This year I decided I was going to do more than stuff my face – I wanted to talk to some of the pit masters to learn about their specific styles of barbecue, who taught them how to cook, and whether their cooking is influenced by international styles of barbecue. I found that most of these renowned pit masters learned how to barbecue the same way I did – from their Dads – and they take tremendous pride in maintaining the flavors and techniques that have been passed down through their families for many generations.
Pit master Chris Lilly of Big Bob Gibson’s from Decatur, AL is one of the most decorated, well-known pit masters in the country with 10 world barbecue championships. Chris described to me how Decatur’s location between Memphis and the Carolinas makes their style of barbecue a unique combination of those two mainstream, traditional barbecue styles. Their pulled pork is given its subtle smoky flavor from a dry rub and applejuice injection, followed by 12-15 hours of smoking over a combination of charcoal (they only use Kingsford) and hickory wood chunks. Chris Lilly believes the tastiness of their pulled pork stands strong on its own, and serves all his sauces on the side so that the customer can decide whether they want sauce, and what type. I agreed with him – the pulled pork sandwich was incredibly flavorful all on its own and when I added the Big Bob Gibson’s signature white sauce it took the sandwich to another level.
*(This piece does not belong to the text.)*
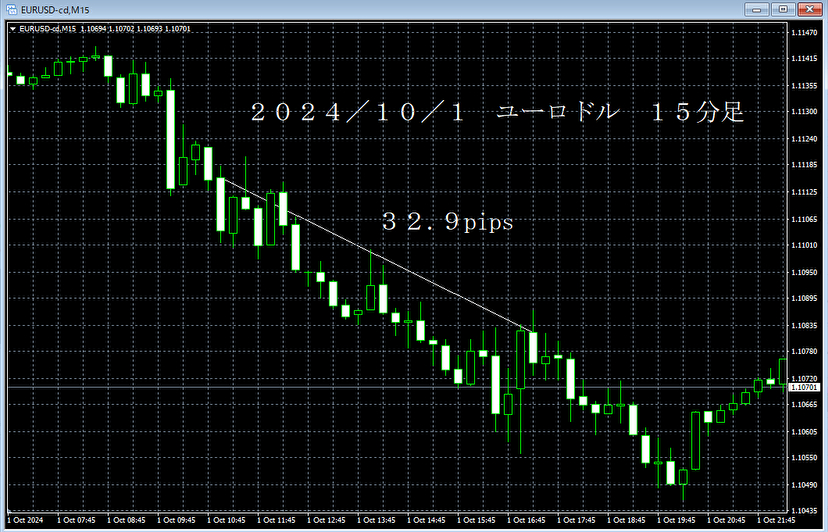 20241001ユーロドル１５分足.png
Chris and I also spoke about the influence of international styles of barbecue on his cooking. Chris is well traveled and loves incorporating foreign flavors and cooking techniques into his own recipes to stay current when he’s catering parties or cooking at home. However in his 87 year-old family restaurant in Decatur, he leaves the recipes alone and lets the family tradition stand true and uncorrupted.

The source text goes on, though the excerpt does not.